Machine Learning Researcher and Engineer
I see a lot of machine learning projects, from top groups and newcomers alike, that use configuration files to store hyper-parameters, architecture details and experimental setups. I don’t like it, and I’ll try to explain to you why I think it’s a bad idea.
Your config file starts simple, just a learning rate, and maybe the number of hidden units.
lr: 1e-3
n_hidden: 128
Surely, this is not too bad. But then you want to experiment with different number of hidden units in the layers, so you get creative.
lr: 1e-3
n_hidden: [128, 256]
Ah, yea. Not too bad. But now you want to try some different activation functions.
lr: 1e-3
layers:
- n_hidden: 128
act_fn: relu
- n_hidden: 256
act_fn: elu
You see where this is going. Before long you are re-inventing the entire API of Keras or pytorch in yaml, with no formal specification. The only specification of your newly invented format is in how your code reads it.
With no documentation. What options does your config file support? Can I use leaky relu activation functions? What about swish, tanh, sigm, softplus? is that leaky_relu
? How do i set the alpha parameter of the leaky relu? Who knows. The only way to find out is to read your code.
With no IDE support. Maybe I find an interesting config value, and think, huh, I’d love to see where that is used. Too bad. My IDE does not understand your config file. Or the other way around; I’m reading your code and comes upon config["loss"]
, and I’d love to know what that is. Cmd-click gets me a bunch of yaml config parsing. Again, the only way to see where a config value is used and vice versa is by reading your code, your config file, and your config parsing logic simultaneously, which is a pain with only two eyes and one brain.
It’s bound to be incomplete. What about initializations of the layers? So after reading your code I realize that I can’t set that in the config file, OK, so now I have to 1) expand your config file format and add parsing logic or 2) modify it in code. So now I have to modify the same layer in two places.
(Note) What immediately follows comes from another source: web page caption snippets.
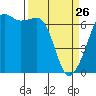 Lopez Island tide chart for Thursday, March 26, 2026
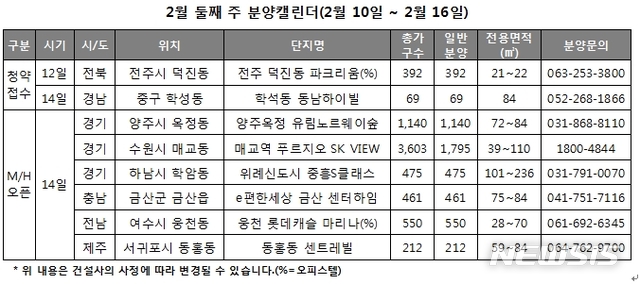 [분양캘린더]2월 둘째주, 전국 2곳 총 461가구 청약… 분양 시작 기지개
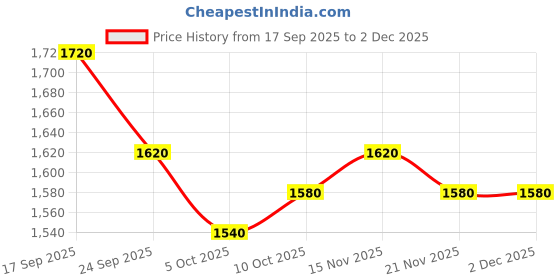 firstcry.com UCB Woven Full Length Solid Colour Jeans - Blue ucb Price History Graph from 17 Sep 2025 to 2 Dec 2025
It’s bound to be outdated. You thought you wanted to have different activation functions per layer, but in the end you ended up using leaky-relu with different alpha parameters instead. And you didn’t have time to change the config file, so you just hardcoded it (it was 4 hours till conference deadline, you’re forgiven). So, now you have a config file, which may use the n_hidden
from the config file, but ignores the activation function. Do you have any idea how hard it is to infer that from just looking at your config file? You’re right, it’s impossible, so I have to read your code anyways, and verify that indeed all your config values are used for what I’d imagine they are.
I have to read your code anyways! See how I have to read your code anyways? You might have meant for the config file to make my/your life easier. That has not been the case. I still have to read your code, but now you’ve just created another layer of abstraction I have to understand.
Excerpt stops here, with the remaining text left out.